- _WHAT THE TASK REQUIRES_: Exactly reproduce the lines from the one holding "СЕРЫЙ ШУМ - LIVE" through the end of the records, including both boundary lines but no pictures.

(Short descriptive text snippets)
*** Begin section ***

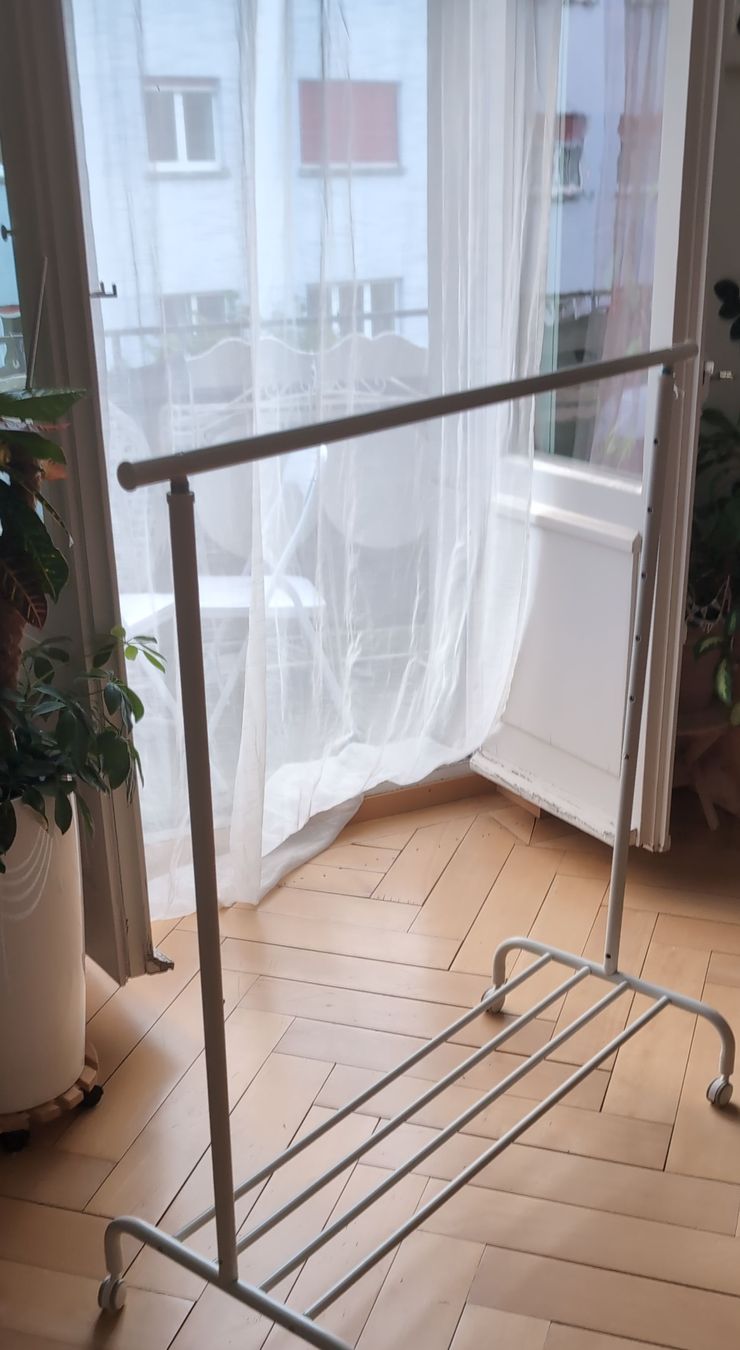 Ikea Garderobe: Kleiderständer weiss Rollbar 1/2 – Gebraucht aus Zürich von SwisslyJester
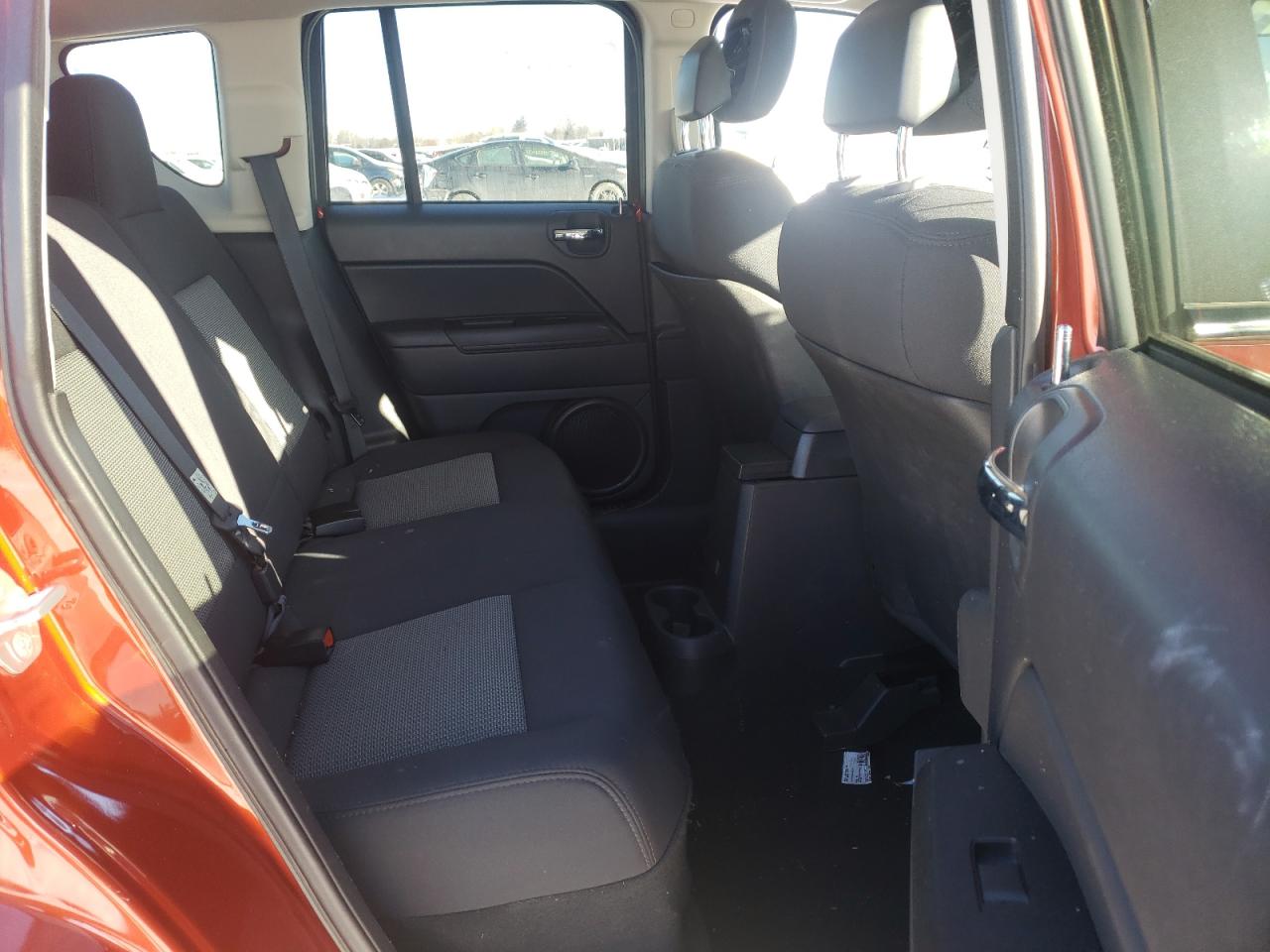 Photo 6 from auction – 2010 JEEP COMPASS SP with VIN 1J4NF1FB9AD619963
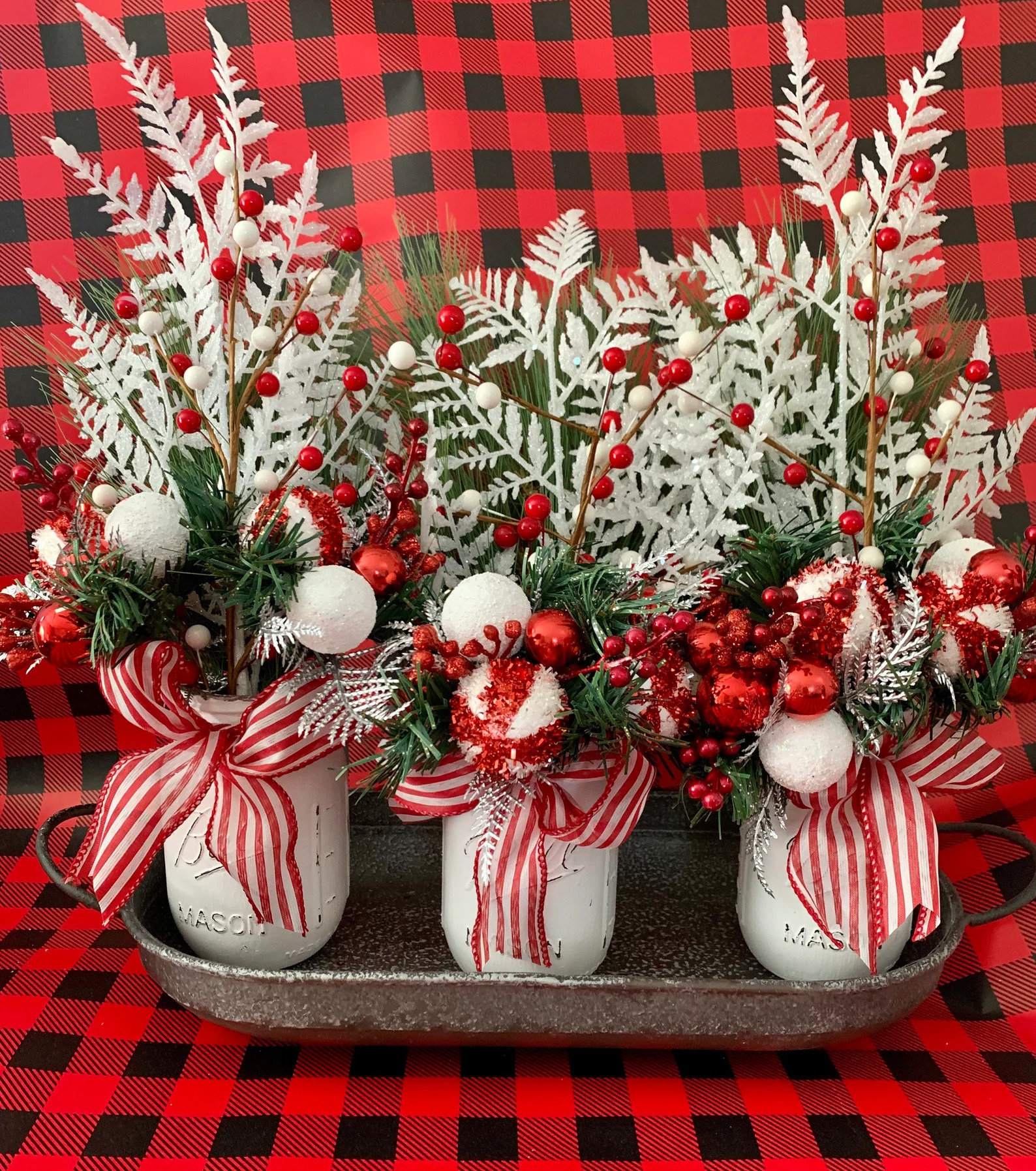 18 Fantastic Christmas Mason Jar Decorations For Your Table Décor 18 Fantastic Christmas Mason Jar Decorations For Your Table Décor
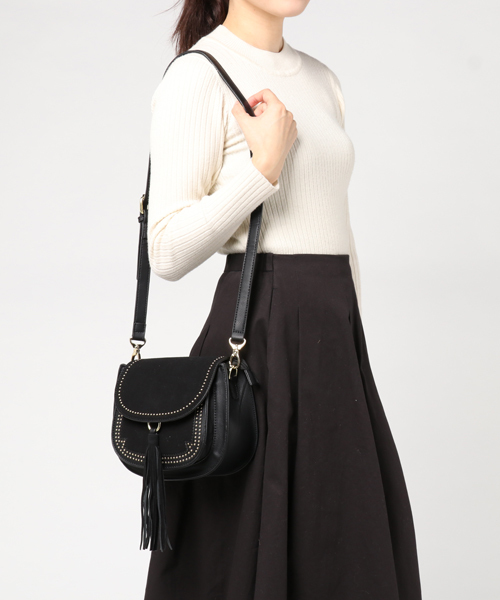 PLAIN CLOTHING（プレーンクロージング）の「タッセル付きラウンドショルダーバッグ【PLAIN CLOTHING】（ショルダーバッグ・レディース・ボルドー/キャメル/グレー/ブラック・FREE）」の10枚目の写真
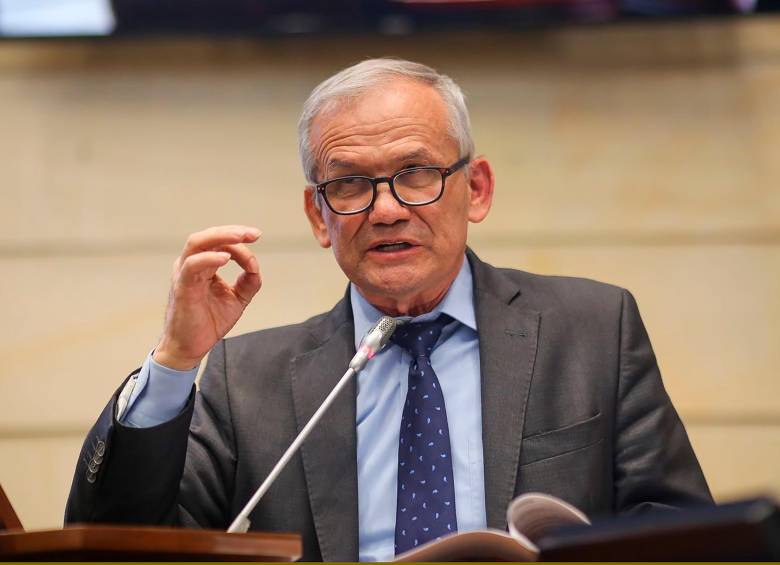 Mientras se oculta en Nicaragua, Fiscalía pidió cárcel para Carlos Ramón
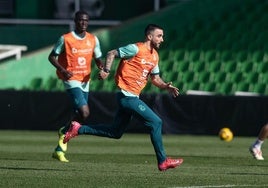 Rober González, en uno de los entrenamientos en La Albericia.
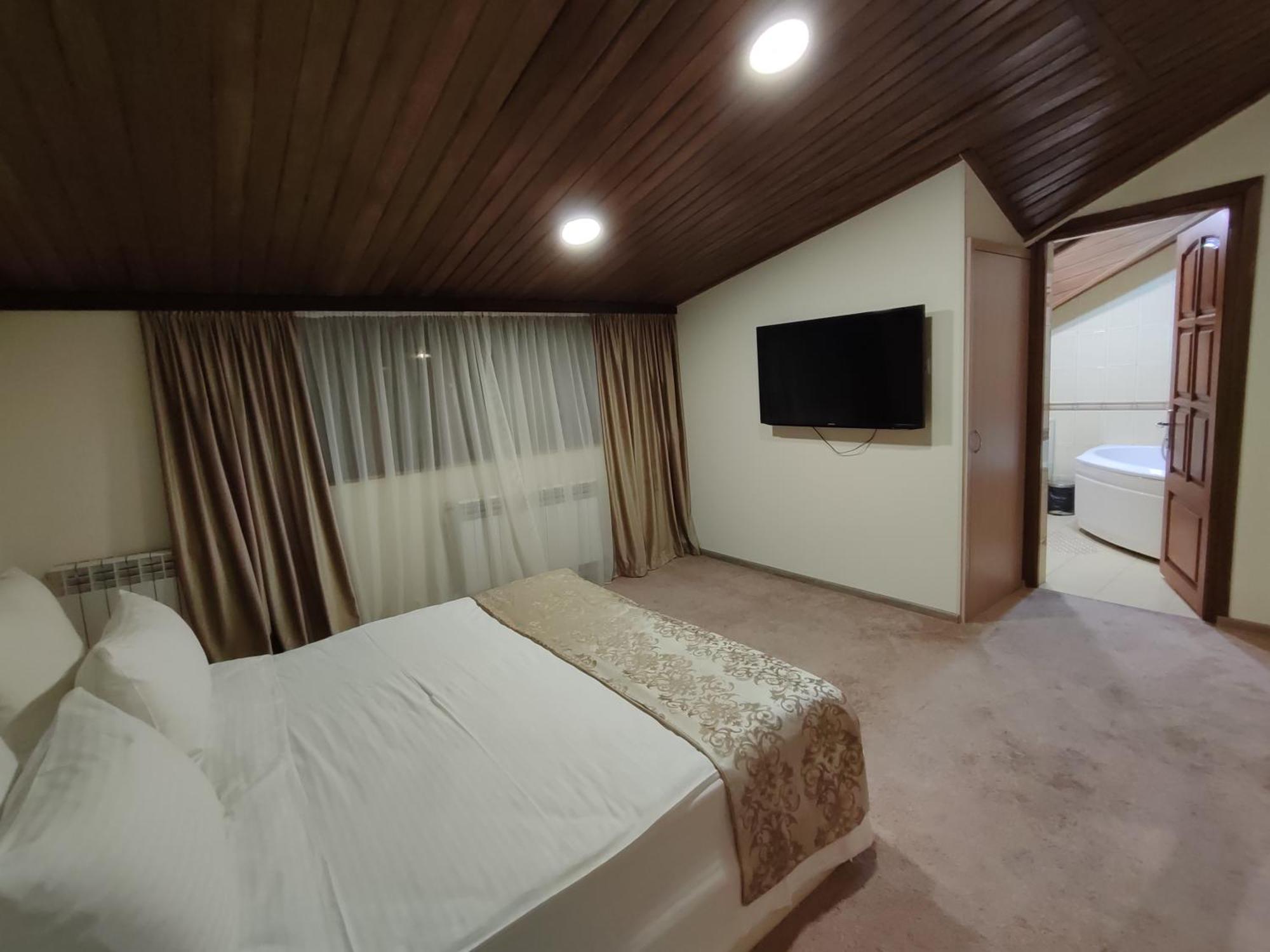 Delin Hotel And Tours Yerevan Luaran gambar
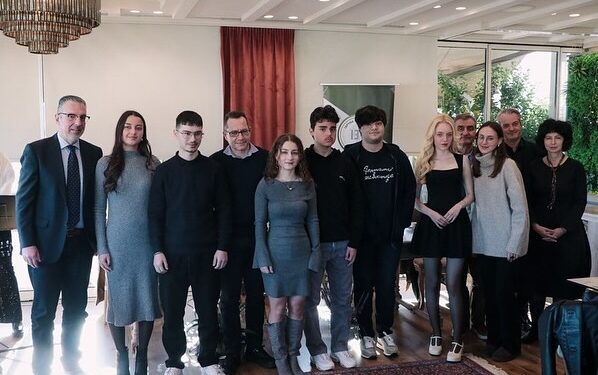 Ίδρυμα Ιωάννη και Ελισάβετ Κάππα: βράβευση των αριστευσάντων και πρωτευσάντων μαθητών των λυκείων του Αγρινίου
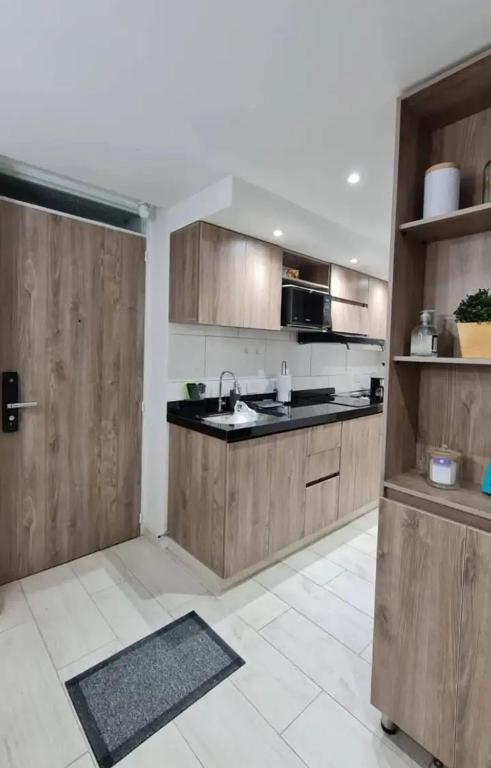 EN EL CENTRO DEL CORAZÓN DE CHAPINERO ALTO HERMOSO APTO DE DOS HABITACIONES a - 3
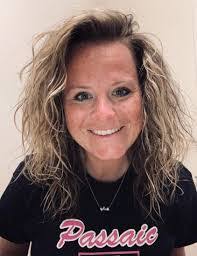 Lauren Benedetti's Instagram, Twitter & Facebook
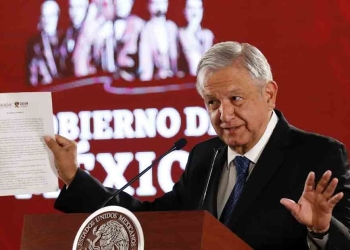 Presidente de México firma acuerdo de no reelección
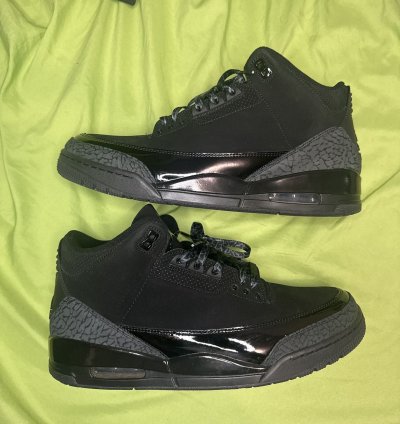 Jordan 3 Black Cat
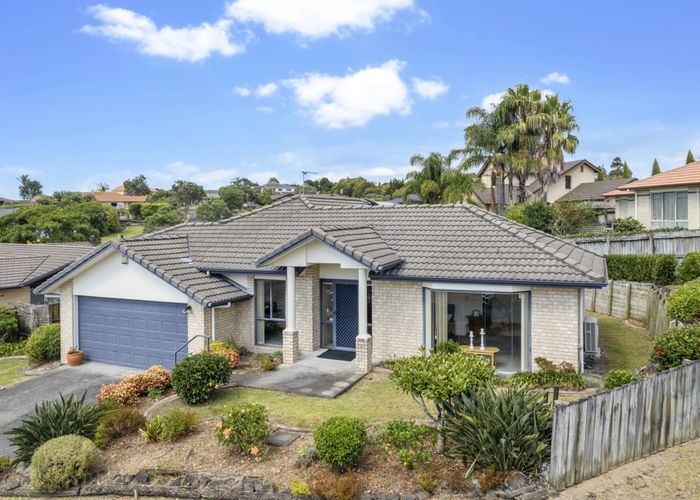  at 6 Rosebay Rise, Henderson, Auckland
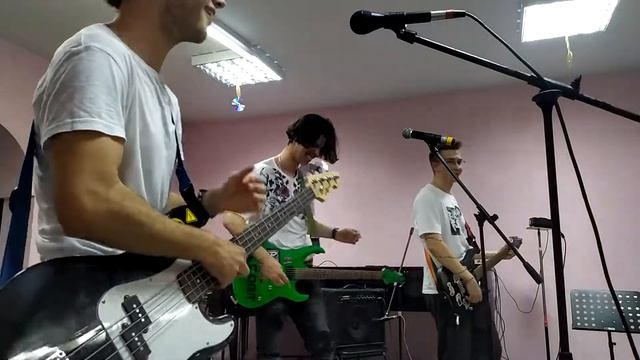 СЕРЫЙ ШУМ - LIVE (Мастера гитарного дела) 20221008 193037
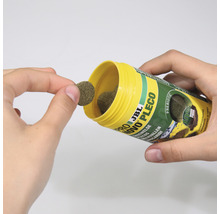 JBL Novo Pleco Futtertabletten für Welse werden aus einer gelben Dose entnommen
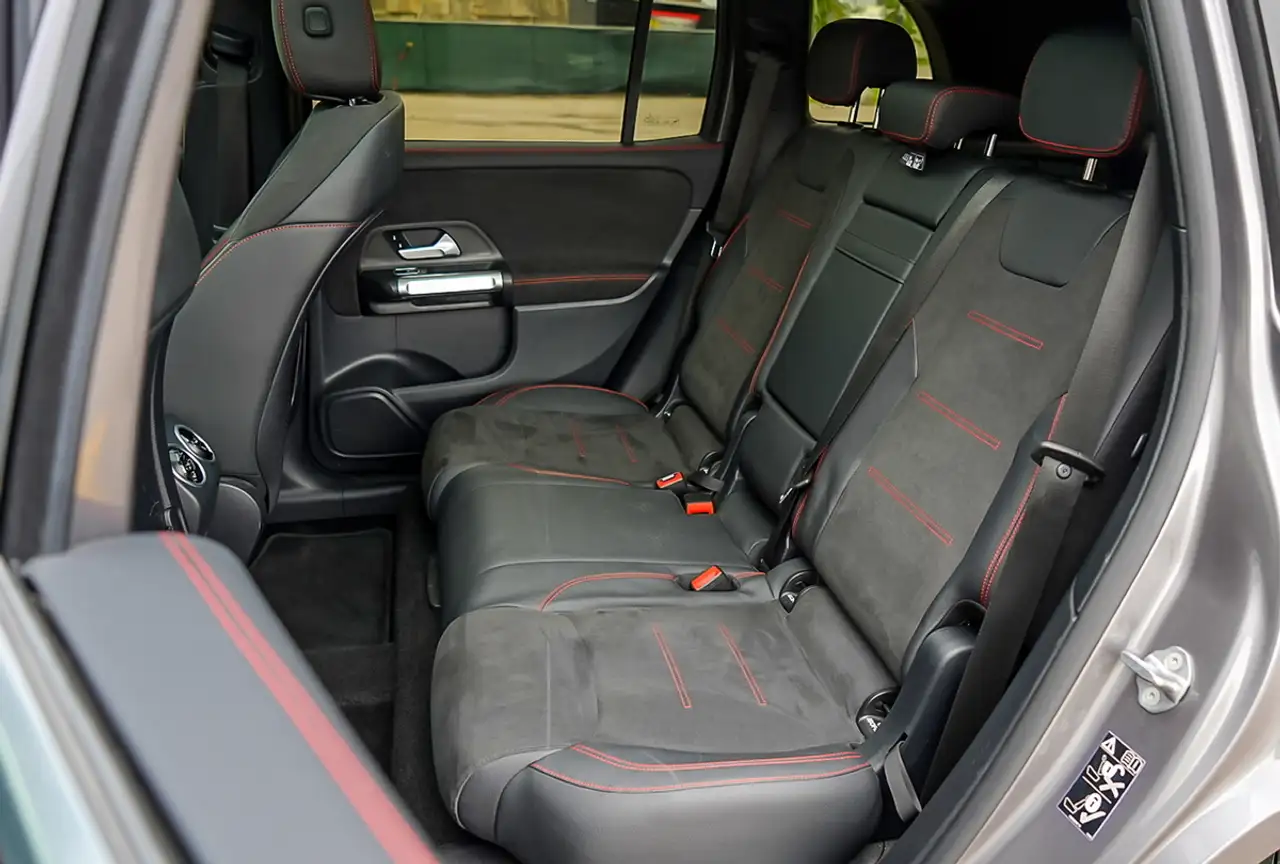 Mercedes-Benz GLB снимка Mercedes-Benz GLB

*** End section ***

- _EXERCISE RESPONSE_:
 СЕРЫЙ ШУМ - LIVE (Мастера гитарного дела) 20221008 193037
 JBL Novo Pleco Futtertabletten für Welse werden aus einer gelben Dose entnommen
 Mercedes-Benz GLB снимка Mercedes-Benz GLB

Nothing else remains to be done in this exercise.